JOINDER AGREEMENT
Exhibit 10.1
JOINDER AGREEMENT, dated as of April 6, 2011 (the “Joinder Agreement” or this “Agreement”), by and among BANK OF AMERICA, N.A. and BARCLAYS BANK PLC (each, a “New Lender” and, collectively, the “New Lenders”), THE YANKEE CANDLE COMPANY, INC., a Massachusetts corporation (the “Borrower”), YANKEE HOLDING CORP., a Delaware corporation (the “Parent”), the Subsidiary Guarantors and BANK OF AMERICA, N.A., in its capacity as administrative agent under the Credit Agreement referred to below (the “Administrative Agent”).
RECITALS:
WHEREAS, reference is hereby made to the Credit Agreement, dated as of February 6, 2007 (as amended, supplemented or otherwise modified from time to time, the “Credit Agreement”), among the Parent, Yankee Acquisition Corp., as Initial Borrower, The Yankee Candle Company, Inc., as Company or Surviving Borrower, as applicable, the several banks and other financial institutions or entities from time to time parties to the Credit Agreement as lenders, Bank of America, N.A., as successor administrative agent under the Credit Agreement pursuant to the Amendment, Waiver, Resignation and Appointment Agreement, dated as of September 28, 2009 (in such capacity, the “Administrative Agent”), Xxxxxxx Xxxxx Capital Corporation, as Syndication Agent, Sovereign Bank and Xxxxx Fargo Retail Finance, LLC, as Co-Documentation Agents and Xxxxxx Brothers Inc. and Xxxxxxx Lynch, Pierce, Xxxxxx & Xxxxx Incorporated, as Joint Lead Arrangers and Joint Bookrunners (capitalized terms used but not defined herein having the meaning provided in the Credit Agreement); and
WHEREAS, subject to the terms and conditions of the Credit Agreement, the Borrower may establish New Loan Commitments by, among other things, entering into one or more Joinder Agreements with New Lenders;
NOW, THEREFORE, in consideration of the premises and agreements, provisions and covenants herein contained, the parties hereto agree as follows:
I. Each New Lender party hereto hereby agrees to commit to provide its New Loan Commitment, as set forth on Schedule A annexed hereto, on the terms and subject to the conditions set forth below:
II. Each New Lender (i) confirms that it has received a copy of the Credit Agreement and the other Loan Documents, together with copies of the financial statements referred to therein and such other documents and information as it has deemed appropriate to make its own credit analysis, appraisals and decision to enter into this Agreement; (ii) agrees that it will, independently and without reliance upon the Administrative Agent, or any other New Lender or any other Lender and based on such documents and information as it shall deem appropriate at the time, continue to make its own analysis, appraisals and credit decisions in taking or not taking action under the Credit Agreement; (iii) appoints and authorizes the Administrative Agent to take such action as agent on its behalf and to exercise such powers under the Credit Agreement and the other Loan Documents as are delegated to the Administrative Agent, respectively, by the terms thereof, together with such powers as are reasonably incidental thereto; and (iv) agrees that it will perform in accordance with their terms all of the obligations which by the terms of the Credit Agreement are required to be performed by it as a New Lender.

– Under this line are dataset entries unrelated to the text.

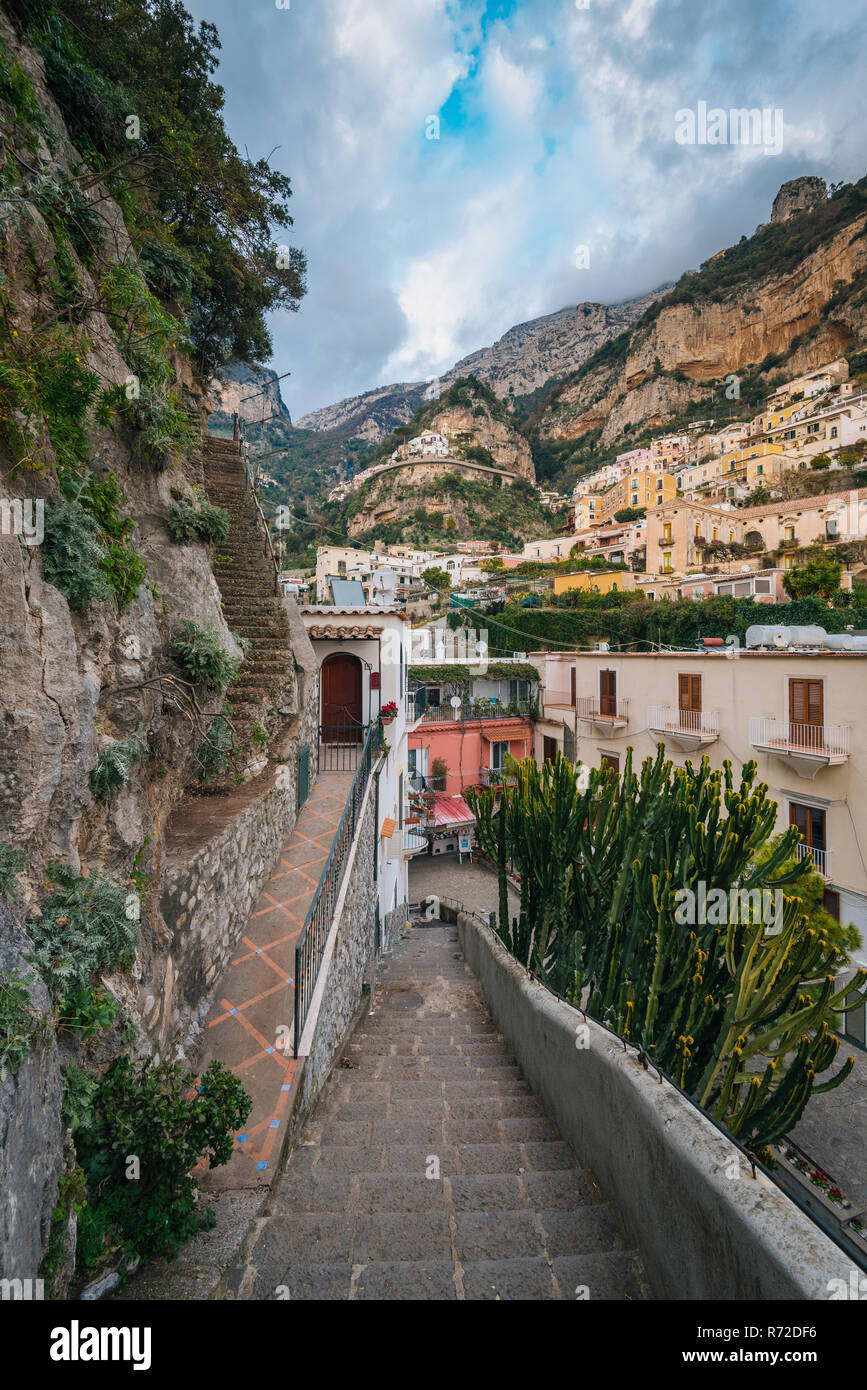 La scala a Positano sulla Costiera Amalfitana, in Campania, Italia Foto Stock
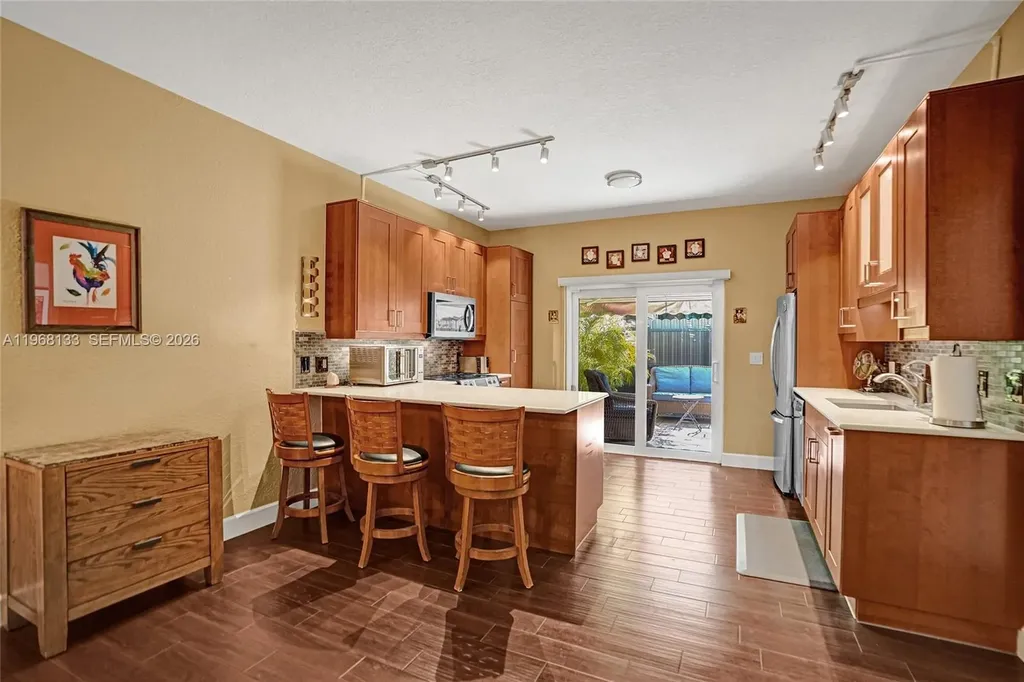 4812 Washington Street Hollywood FL 33021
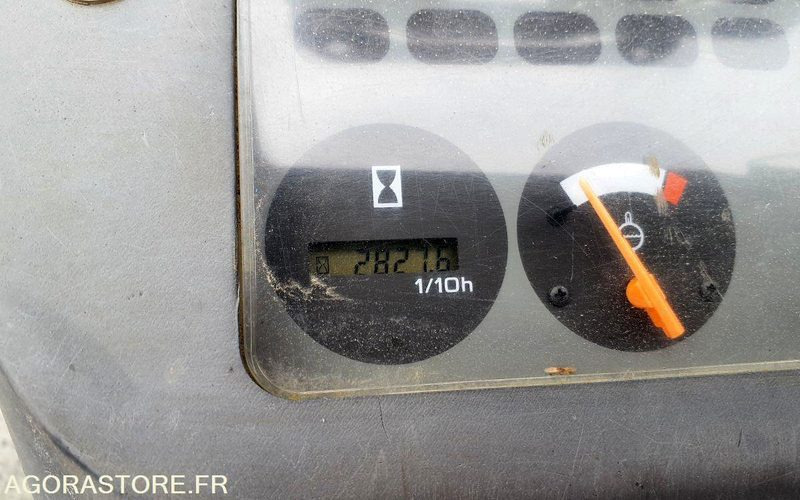 Chariot élévateur frontal GAZ Nissan 2827 heures Triplex UD02A25PQ - 3F550 - Chariot élévateur à gaz: photos 5 Chariot élévateur frontal GAZ Nissan 2827 heures Triplex UD02A25PQ - 3F550 - Chariot élévateur à gaz: photos 5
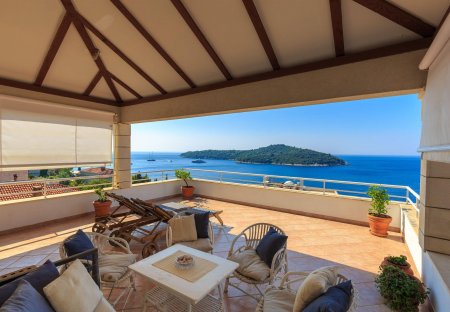 Apartment in Ploče (Dubrovnik), Croatia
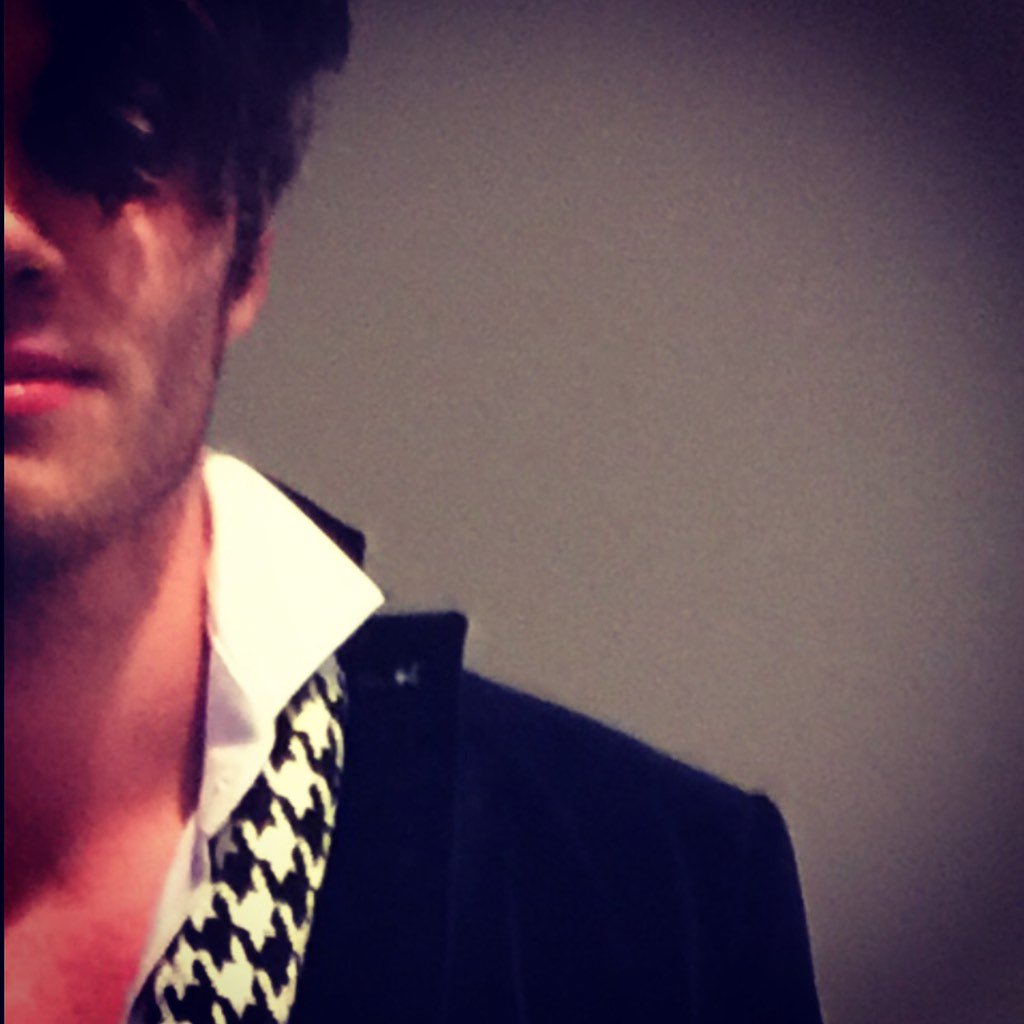 _JamieO's tweet image. 1st fitting of 2016 #gunnarflinchum new vid out soon #music #originalmusic #imageconsultant #makeupartist #mmg #ADS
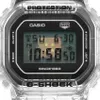Close-up of a digital watch face showing the time and date. Produktbild-Vorschau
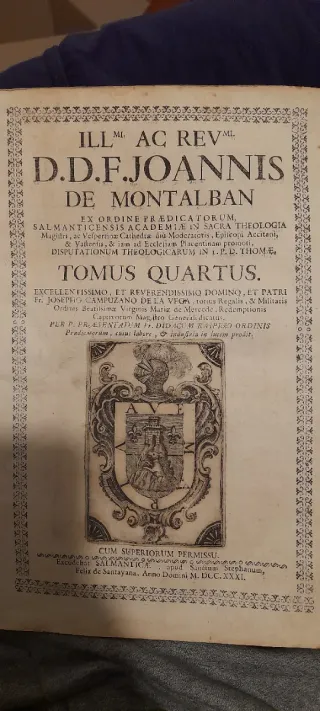 Libro muy antiguo 1731 .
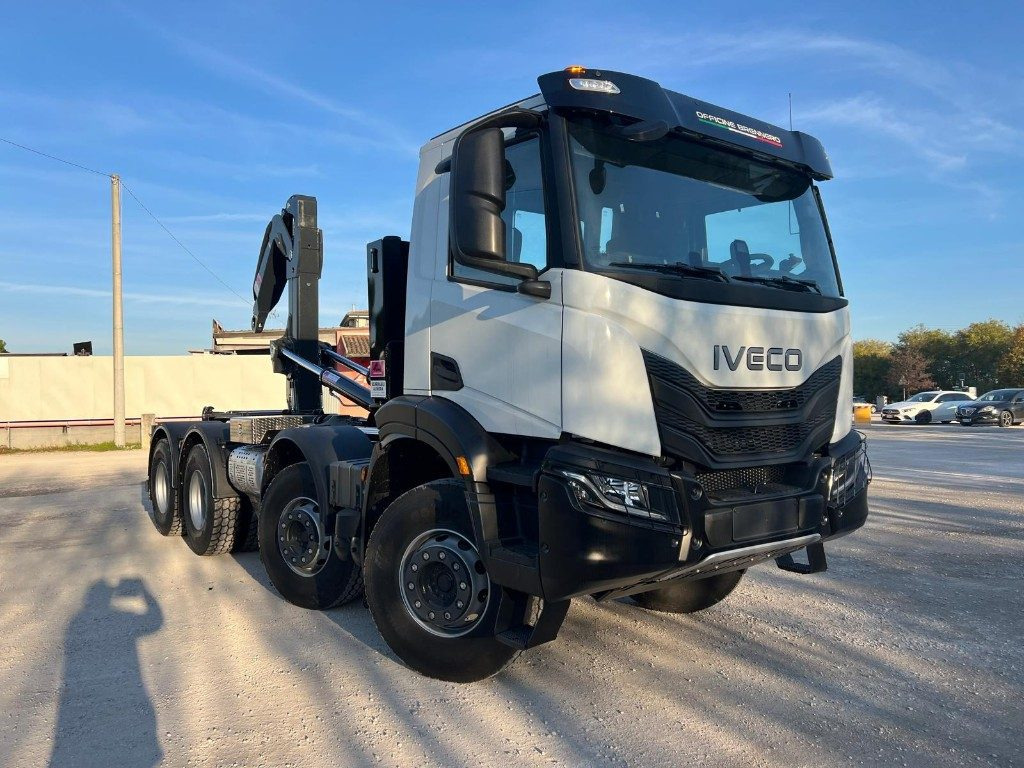 IVECO TRAKKER T-WAY AD500 NUOVO SCARRABILE - Lastväxlare lastbil: bild 3 IVECO TRAKKER T-WAY AD500 NUOVO SCARRABILE - Lastväxlare lastbil: bild 3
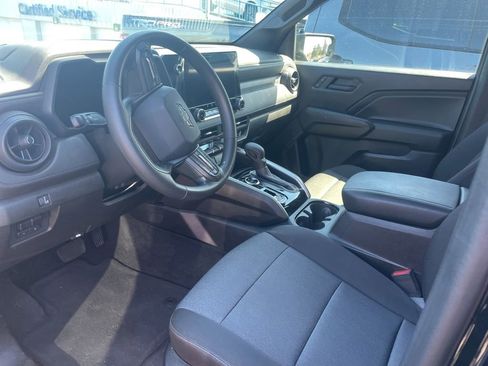 Used 2024 Chevrolet Colorado Trail Boss w/ Advanced Trailering Package AWD/4WD image 2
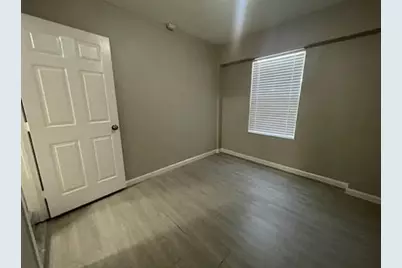 1114 E Pecan Street, Angleton, TX 77515 - Photo 15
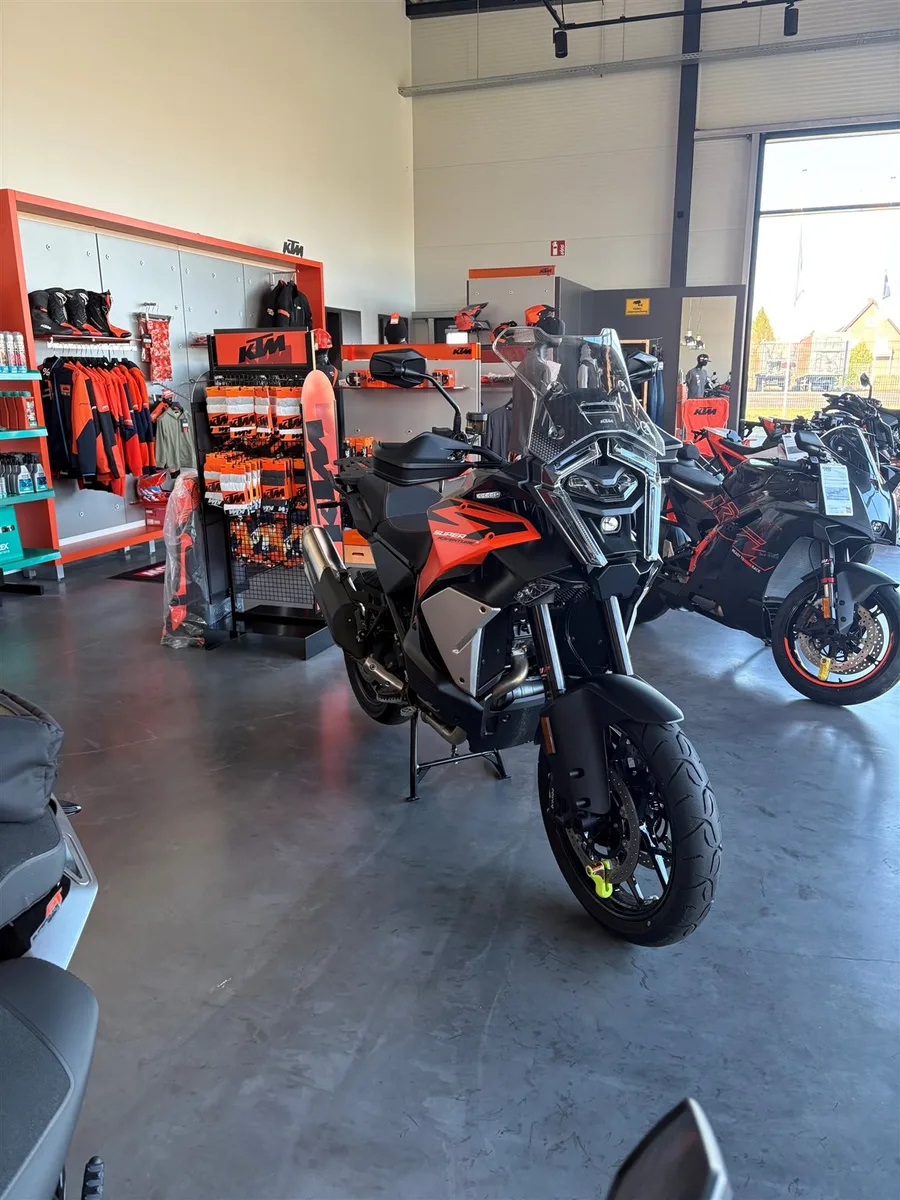 KTM 1390 Super Adventure S EVO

III. Each New Lender hereby agrees to make its respective Commitment on the following terms and conditions:
1. Terms of New Loan Commitments. Each of the New Lenders and the Borrower hereby agrees that the New Loan Commitments made pursuant to this Joinder Agreement will be Revolving Commitments and any New Lender pursuant to this Joinder Agreement will be a Revolving Lender, in each case for any and all purposes under the Credit Agreement and such New Loan Commitments and related Revolving Loans shall have the same terms as Revolving Commitments and Revolving Loans existing immediately prior to the effectiveness of this Joinder Agreement and shall be part of the same tranche and class as the existing Revolving Commitments and Revolving Loans, including for purposes of Borrowings and repayments, and shall rank pari passu in right of payment and right of security in respect of the Collateral with the existing Revolving Loans. For the avoidance of doubt, the definition of “Revolving Commitments” in the Credit Agreement shall include the New Loan Commitments made pursuant to this Joinder Agreement.
2. New Lenders. Each New Lender acknowledges and agrees that upon its execution of this Agreement and the making of New Revolving Loans, such New Lender shall become a “Lender” under, and for all purposes of, the Credit Agreement, and the other Loan Documents, and shall be subject to and bound by the terms thereof, and shall perform all the obligations of and shall have all rights of a Lender thereunder.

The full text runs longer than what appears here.